Cactus, Inc. reported a decline in financial performance for the third quarter of 2025, with total revenues of $263.9 million, down from $293.2 million in the same period last year. The decrease was primarily driven by lower product and rental revenues, which fell to $206.8 million and $17.4 million, respectively. Net income attributable to Cactus Inc. was $41.6 million, a decrease of 16.5% from $49.9 million in the prior year. Earnings per Class A share were $0.61, compared to $0.75 in the third quarter of 2024.

For the nine months ended September 30, 2025, total revenues were $817.8 million, down 4.6% from $857.7 million in the same period of 2024. The Pressure Control segment generated $538.8 million in revenue, a decrease of 1.6%, while the Spoolable Technologies segment saw a more significant decline of 8.7%, totaling $284.0 million. Operating income for the nine-month period also fell to $190.7 million from $219.2 million, reflecting a decrease of 13.0%.

Cactus, Inc. has made strategic moves to enhance its market position, including the acquisition of FlexSteel in February 2023, which is expected to complement its existing product offerings. Additionally, the company is in the process of acquiring a controlling interest in Baker Hughes Company’s surface pressure control business, with the transaction expected to close in early 2026 for a cash purchase price of $344.5 million.
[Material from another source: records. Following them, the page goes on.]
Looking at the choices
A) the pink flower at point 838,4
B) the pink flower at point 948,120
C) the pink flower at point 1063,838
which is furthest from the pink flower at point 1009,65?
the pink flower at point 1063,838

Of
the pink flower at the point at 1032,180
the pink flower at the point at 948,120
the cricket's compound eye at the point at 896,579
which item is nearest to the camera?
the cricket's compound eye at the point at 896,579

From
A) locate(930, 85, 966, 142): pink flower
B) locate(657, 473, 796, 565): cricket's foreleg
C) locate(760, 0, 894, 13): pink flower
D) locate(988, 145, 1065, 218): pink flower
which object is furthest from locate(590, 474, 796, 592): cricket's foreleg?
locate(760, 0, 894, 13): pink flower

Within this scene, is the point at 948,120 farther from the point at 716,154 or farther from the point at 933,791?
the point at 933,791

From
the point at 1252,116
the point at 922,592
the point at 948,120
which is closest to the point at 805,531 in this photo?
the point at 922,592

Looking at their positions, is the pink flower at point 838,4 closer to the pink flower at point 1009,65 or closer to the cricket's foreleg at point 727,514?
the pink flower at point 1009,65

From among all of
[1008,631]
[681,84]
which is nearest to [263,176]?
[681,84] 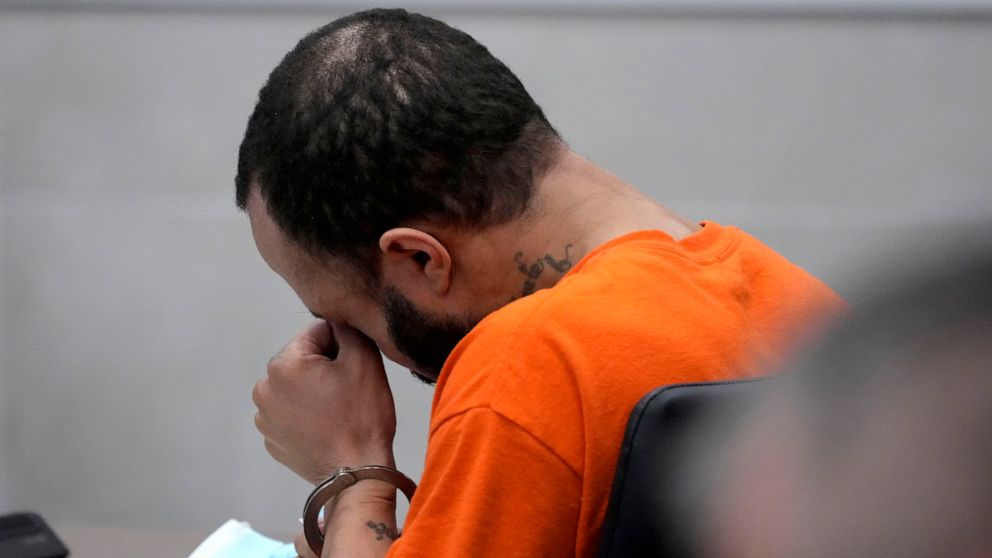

This acquisition is anticipated to strengthen Cactus's capabilities in the pressure control market.

Operationally, Cactus reported a cash balance of $445.6 million as of September 30, 2025, an increase from $342.8 million at the end of 2024. The company has maintained a strong liquidity position, with $223.2 million available under its Amended ABL Credit Facility. However, net cash provided by operating activities decreased to $186.1 million for the nine months ended September 30, 2025, down from $249.5 million in the prior year, primarily due to lower earnings and increased working capital needs.

Looking ahead, Cactus anticipates continued challenges due to fluctuating oil and gas prices and reduced drilling activity, which may impact demand for its products and services. The company remains focused on cost reduction initiatives and strategic investments to navigate these market conditions. Cactus expects to utilize its cash reserves and available credit to support ongoing operations and strategic initiatives, including the upcoming Baker Hughes transaction.

About Cactus, Inc.

Cactus, Inc. designs, manufactures, sells, rents, and services pressure control equipment and spoolable pipe solutions for onshore oil and gas wells. Serving global markets including the U.S., Canada, Australia, and the Middle East, it provides products and field services during drilling, completion, and production phases. The company emphasizes high-quality, innovative technology, safety, and operational efficiency in the competitive oilfield services industry.

This description was generated via AI from an annual report. Updated 8 months ago.